- What this task involves -
Could you copy exactly the lines below from the one with "Use the diagram" to the one with "2025年的微信借钱欠债还钱", inclusive, leaving out any pictures?

- Extracted data -
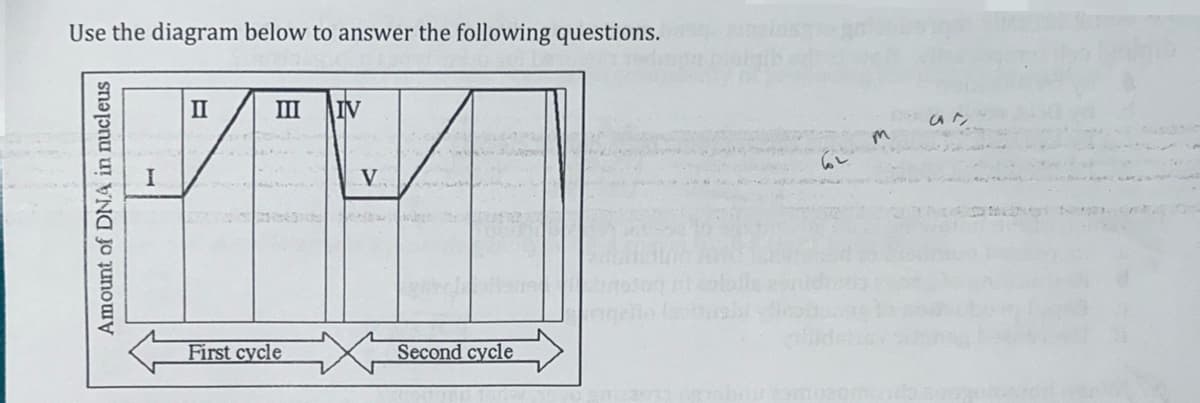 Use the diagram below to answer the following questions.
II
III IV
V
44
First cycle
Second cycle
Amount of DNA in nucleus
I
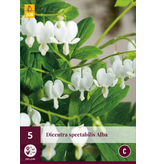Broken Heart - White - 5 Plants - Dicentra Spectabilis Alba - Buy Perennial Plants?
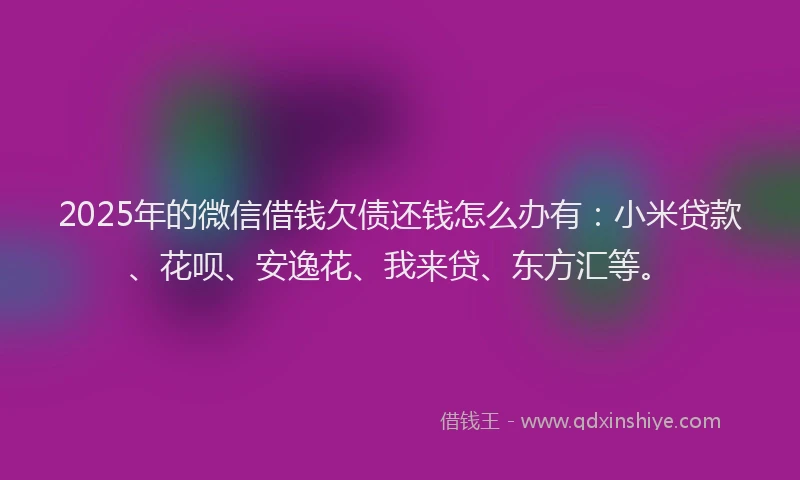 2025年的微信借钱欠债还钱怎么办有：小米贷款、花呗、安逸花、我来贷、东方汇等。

--

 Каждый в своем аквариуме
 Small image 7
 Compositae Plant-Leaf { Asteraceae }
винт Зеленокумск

==

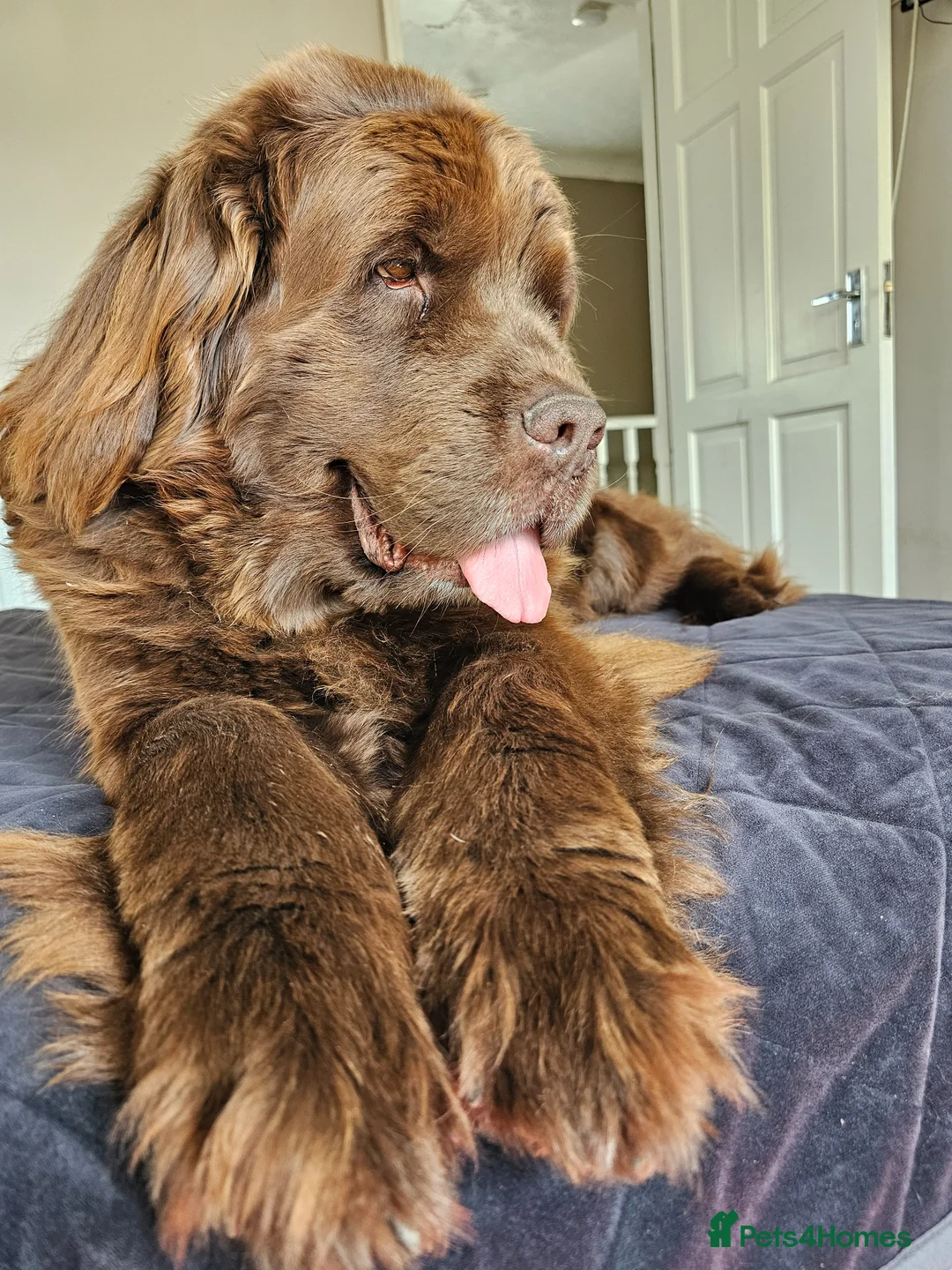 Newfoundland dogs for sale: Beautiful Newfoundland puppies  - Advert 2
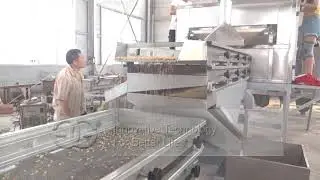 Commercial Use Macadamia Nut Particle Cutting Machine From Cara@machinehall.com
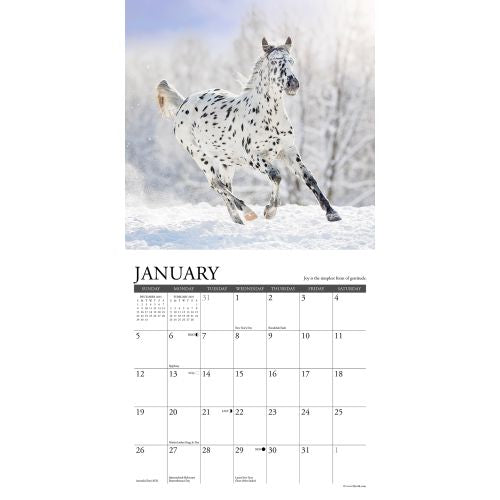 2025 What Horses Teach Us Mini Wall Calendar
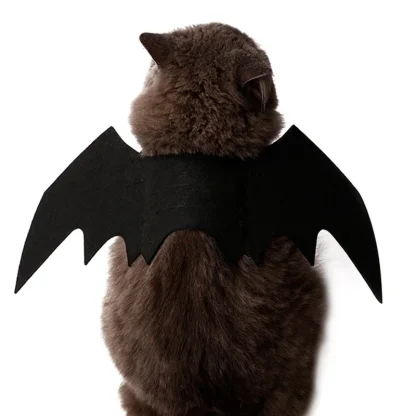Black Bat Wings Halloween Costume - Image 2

- Answer for this exercise -
 Use the diagram below to answer the following questions.
II
III IV
V
44
First cycle
Second cycle
Amount of DNA in nucleus
I
Broken Heart - White - 5 Plants - Dicentra Spectabilis Alba - Buy Perennial Plants?
 2025年的微信借钱欠债还钱怎么办有：小米贷款、花呗、安逸花、我来贷、东方汇等。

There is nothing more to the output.